Review of He Kills Me, He Kills Me Not by MrColdStream
18 October 2024
This review contains spoilers
📝6/10 = SLIGHTLY ENJOYABLE!
Time Lording through time and space, one victory at a time!
VICTORY XII
Carrie Thompson’s Big Finish story finally gives a voice to everybody’s favourite Ood assassin, as Silas Carson goes up against Paul McGann. We finally learn how Eight gets dragged into the Time Lord Victorious event when he arrives on a desert planet looking for a wonder of the universe that is missing and bumps into Felicity the fugitive and Brian the Ood, an assassin sent after her.
This story quickly turns into a sort of intimate mystery of Brian’s true nature as well as the nature of the Wild West-like setting the Doctor has arrived in. The twist of Brian being a killer isn’t very surprising, though, if you've already read The Knight, The Fool, and the Dead (Victory VI).
Later on, the story turns into a sort of relationship drama when we learn the true nature of Felicity and Sophie and why Brian is after them. Brian is biding his time, holding Felicity hostage, while the Doctor frantically works to find a way to defeat him. And that’s the gist of this fairly flat adventure.
Silas Carson is the one standout here, and he plays out the sinister split personality of the character to perfection, but Misha Malcolm and Melanie Stevens are pretty good as well.
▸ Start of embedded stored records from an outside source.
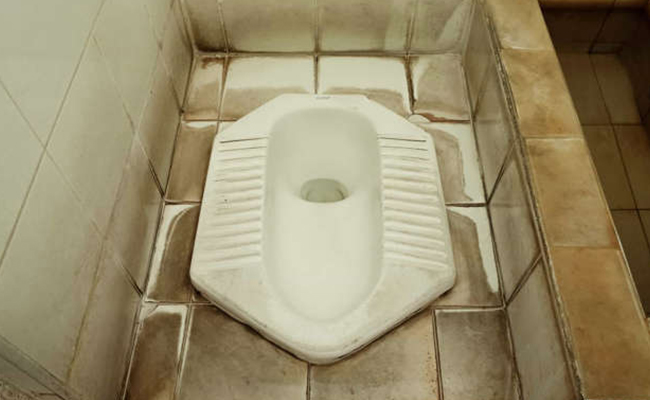 Controversial And Bizarre Toilet Facts From Around The World - Sakshi19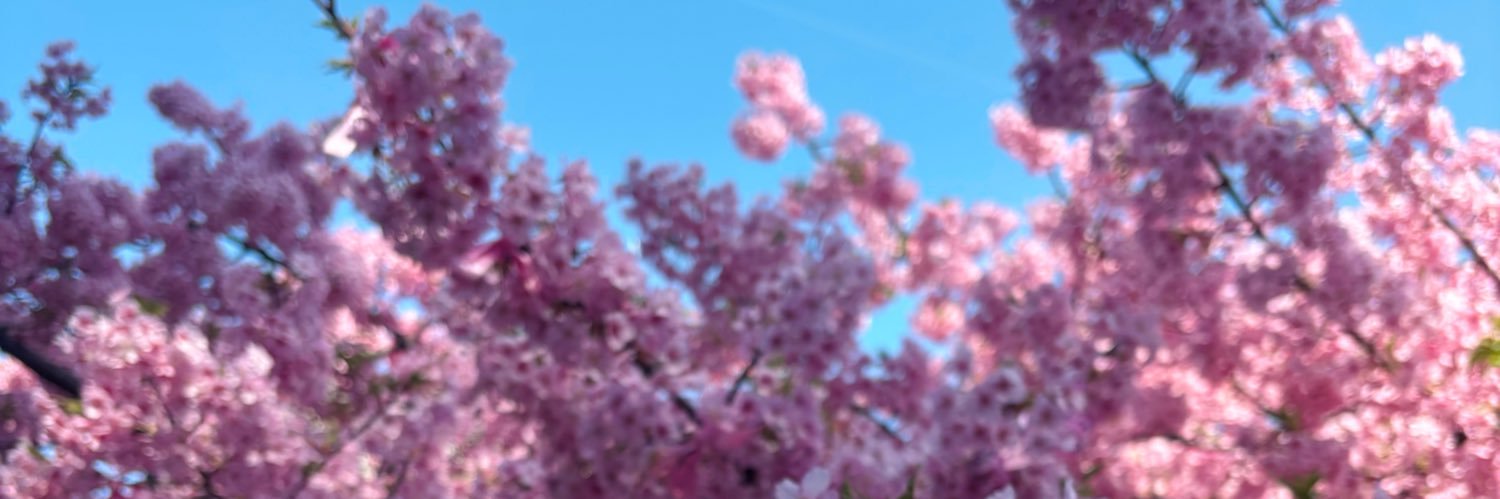 narchan_5396's profile banner image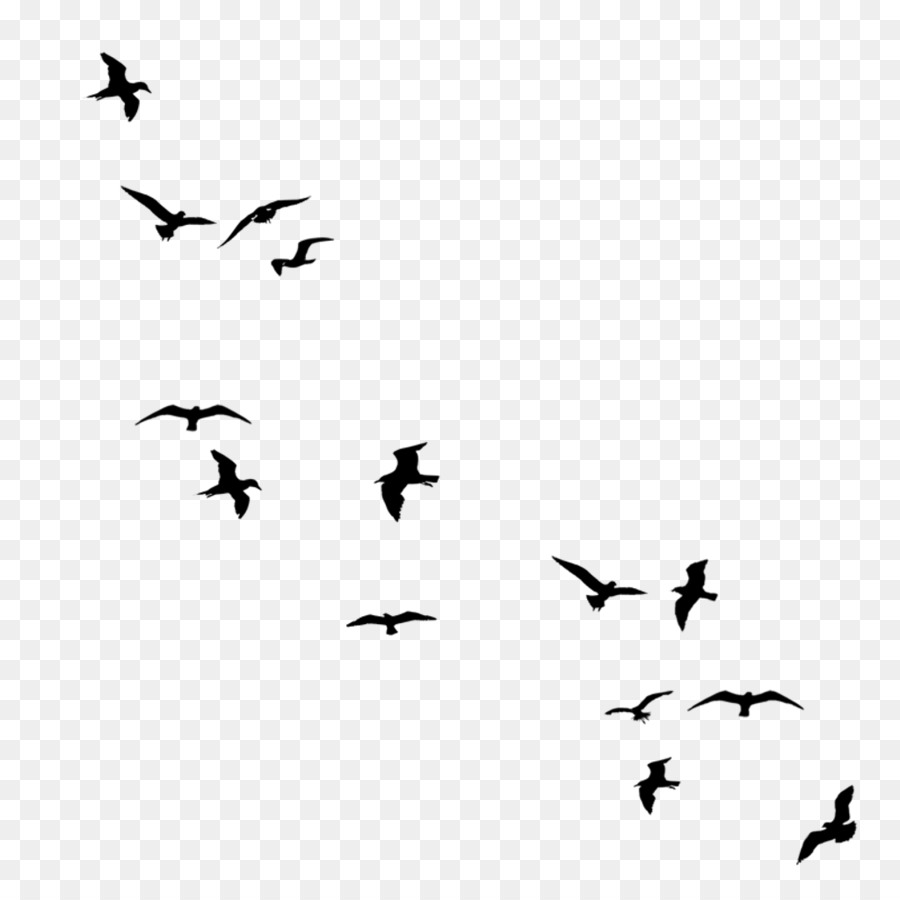 Bird Flight Silhouette Drawing Flock - birds flying png flock png download - 1024*1024 - Free Transparent Bird png Download.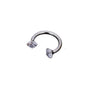 Crystal Horseshoe Barbell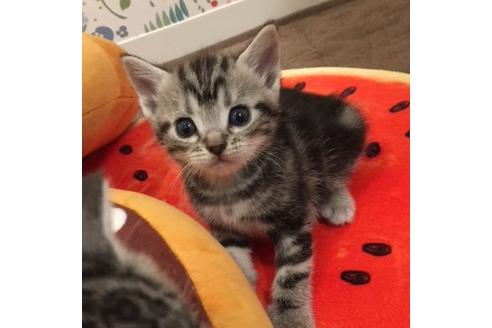 成約済の大阪府のアメリカンショートヘア-3319の1枚目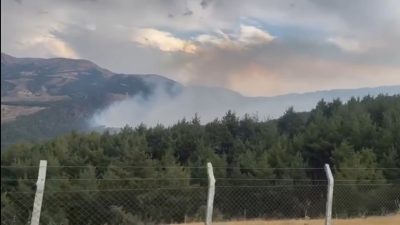 Kahramanmaraş’ta meydana gelen orman yangınına karadan ve havadan müdahale ediliyor.
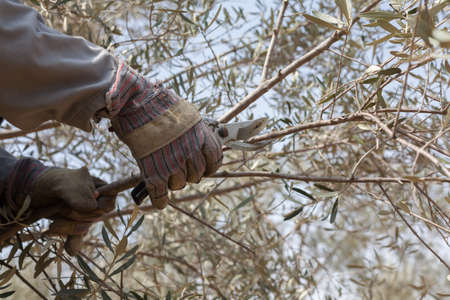Cutting old branches in olive grove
The locals with American accents sound typically overdone, and Paul McGann sounds somewhat bored.
The story builds up to the conclusion, which explains how Brian ends up in the Dark Times and how exactly Eight appears together with the Daleks at the end of The Knight, The Fool, and the Dead—a story further explored in the next audio, The Enemy of My Enemy (Victory XIII).